Biology and Big Data


How computational biology is shaping the future of health and privacy

Santiago Lombeyda, a computational scientist with Caltech’s Center for Data Driven Discovery, created this illustration. In this visualization of data points from a large single-cell study, each dot represents a single cell, which consists of 20,000…

Santiago Lombeyda, a computational scientist with Caltech’s Center for Data Driven Discovery, created this illustration. In this visualization of data points from a large single-cell study, each dot represents a single cell, which consists of 20,000 independent gene expression measurements, that were then mathematically mapped into a 3-D space. Caltech senior research scientist Sisi Chen provided the data and analysis.

by Lori Dajose 

The study of living things is undergoing a revolution. 

In the past few decades, cutting-edge biological tools have enabled the rapid collection of unprecedented amounts of data. Biologists and bioengineers have amassed countless terabytes of high-resolution videos of microscopic cells as they wiggle and grow and interact; sequenced millions of genomes, from Escherichia coli to mice to humans; and tweaked bacterial DNA to reengineer life. Within these vast data sets lie answers to fundamental questions of biology: What are the molecular rules that control development? How are stem cells “wired?” How many different types of cells make up the human brain? Can failures of single cells cause disease? 

But manual analysis of all this information is virtually impossible. Fortunately, the fields of computer science and artificial intelligence are undergoing their own rapid development. These tools as applied to the biological sciences have given rise to the field of computational biology. 

Lior Pachter (BS ’94), Matt Thomson, and David Van Valen (PhD ’11) all recently joined Caltech’s faculty as part of an Institute initiative to focus attention on computational biology.
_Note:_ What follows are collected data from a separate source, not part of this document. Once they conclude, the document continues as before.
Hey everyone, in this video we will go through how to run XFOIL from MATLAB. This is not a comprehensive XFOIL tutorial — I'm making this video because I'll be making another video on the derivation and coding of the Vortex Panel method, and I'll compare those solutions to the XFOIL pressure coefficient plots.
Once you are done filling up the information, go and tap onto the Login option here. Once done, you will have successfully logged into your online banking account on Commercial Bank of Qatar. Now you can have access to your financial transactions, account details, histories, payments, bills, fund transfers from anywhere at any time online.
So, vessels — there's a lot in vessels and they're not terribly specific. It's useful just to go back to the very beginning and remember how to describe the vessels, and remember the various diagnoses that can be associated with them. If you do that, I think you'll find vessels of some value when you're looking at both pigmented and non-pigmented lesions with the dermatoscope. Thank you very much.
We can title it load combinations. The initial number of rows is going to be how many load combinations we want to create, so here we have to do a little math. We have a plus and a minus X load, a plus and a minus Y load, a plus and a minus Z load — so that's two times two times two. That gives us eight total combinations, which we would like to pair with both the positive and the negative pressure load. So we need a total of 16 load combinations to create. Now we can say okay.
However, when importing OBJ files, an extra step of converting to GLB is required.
Caltech magazine sat down with them to discuss the ongoing biological data explosion and its harmonious relationship with computational tools as well as how these intersecting revolutions will change the future of privacy, ethics, and what it means to be human. 
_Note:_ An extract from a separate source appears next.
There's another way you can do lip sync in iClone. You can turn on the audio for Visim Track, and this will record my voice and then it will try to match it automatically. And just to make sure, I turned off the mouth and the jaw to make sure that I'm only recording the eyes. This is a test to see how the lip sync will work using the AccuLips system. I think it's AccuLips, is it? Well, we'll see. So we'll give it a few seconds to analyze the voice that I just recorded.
What does it mean to study biology? What are the goals and challenges? 

Matt Thomson: Doing biology is not only about measuring and observing. It’s about actually changing and perturbing the biological systems, making predictions and models, tweaking them based on your observations and doing it all over again. 

From left: Matt Thomson, David Van Valen, and Lior Pachter.

From left: Matt Thomson, David Van Valen, and Lior Pachter.

To give an analogy, let’s say you throw a ball up in the air. If you know parameters like the ball’s mass, the acceleration due to gravity, its initial velocity, and so on, you can accurately predict where the ball will land after a certain amount of time. We want to predict how biological systems will evolve, but it’s difficult because there are so many parameters. 

David Van Valen: The first set of parameters you think of are genes. For example, a simple Escherichia coli bacterium has 3,000 to 4,000 genes. What does each gene do? How do they interact? Imagine understanding an airplane and all of its component pieces ... an organism is at least 10 times harder. 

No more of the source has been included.